All 3 then went on to compete at Wilton, Billy and Bobby in the intermediate and Joey in his last ever novice, having upgraded to intermediate at Barbury. Bobby came 3rd. Billy was in the lead after the dressage but I decided not to push him fast XC because he had qualified for the British Novice Championships which were the following weekend at Gatcombe, and Joey came 8th.
Sadly for us Gatcombe turned out to be a complete disaster! For the first time ever, in the whole of my 40 years of eventing, I missed my dressage. This was due to an accident on the M5, which turned our 3 hour journey from home to Gatcombe into over 7 hours. We even had a police escort help us past another 2 hours of gridlocked traffic. Unfortunately, we arrived after the dressage for the British Novice Champs had finished, so that was the end of that for Billy and I 🙁
Luckily, I managed to get a late entry into Aston Le Walls a few days later, we were pleased that Billy came 2nd in the intermediate, a slight compensation!
Bicton CIC** is all of their next runs.
During their summer break the horses have their 6 monthly ‘flu boosters. They are out day and night, except if they are getting too fat they come in for either the night or day to curb their waistline! The only food they have is half a scoop of Baileys balancer. I love them to have no rugs on at all if possible, but if the flies are around they have Bucas flysheets and masks on, or if it is rainy they wear a thin Bucas waterproof rug.
Our yard sticks to a rigorous worming programme using Equest in the summer and winter, and Pramox spring and autumn, with 3 monthly intervals between each dose.
Despite spraying the docks early this year they seemed to keep popping up everywhere, so am enjoying going round the paddocks with my Logic topper making it all look tidy.
We have had such an exciting time with 4 out of the 5 foals being born, the 5th and final one is due at the beginning of Sept. The recipient (surrogate) mares from the Beaufort Embryo Centre, have all been brilliant mothers. Two foals are Zara x Royaldik, two are Zara x Jaguar Mail, and one is Tess x Cevin Z. Newly born foals need to be checked that they are suckling well, that they pass their first lot of droppings (normally black and sticky), and that their limbs look straight and normal. It is important to check that the mare has passed all of her afterbirth.

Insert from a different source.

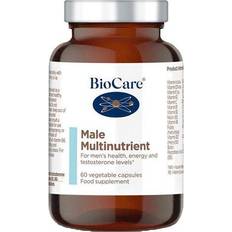 Man 60+ vitamin BioCare Male Multinutrient 60 st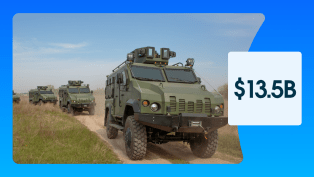 U.S. Air Force Leverages Missionforce to Modernize Sustainment and Operations for $13.5 Billion Vehicle Fleet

We were delighted that 3 foals were born without any hiccups (belonging to Jane Del Missier, Emily’s owner), but one foal (my one… from Tess!) was born with contracted tendons, and the surrogate mare retained some of her afterbirth. They were in the stables for a couple of days, whilst our vet treated the mare, and injected the foal with a drug which helped to relax the tendons. Sure enough, in a couple of days the legs corrected themselves. Both mare and foal are doing well now, thankfully.
I let my goddaughter, Katie Corbin, whose mother Annie had worked for me for 10 years during the ’80/‘90s, name my foal. She chose ‘Kings Belief’, with Barry being his stable name!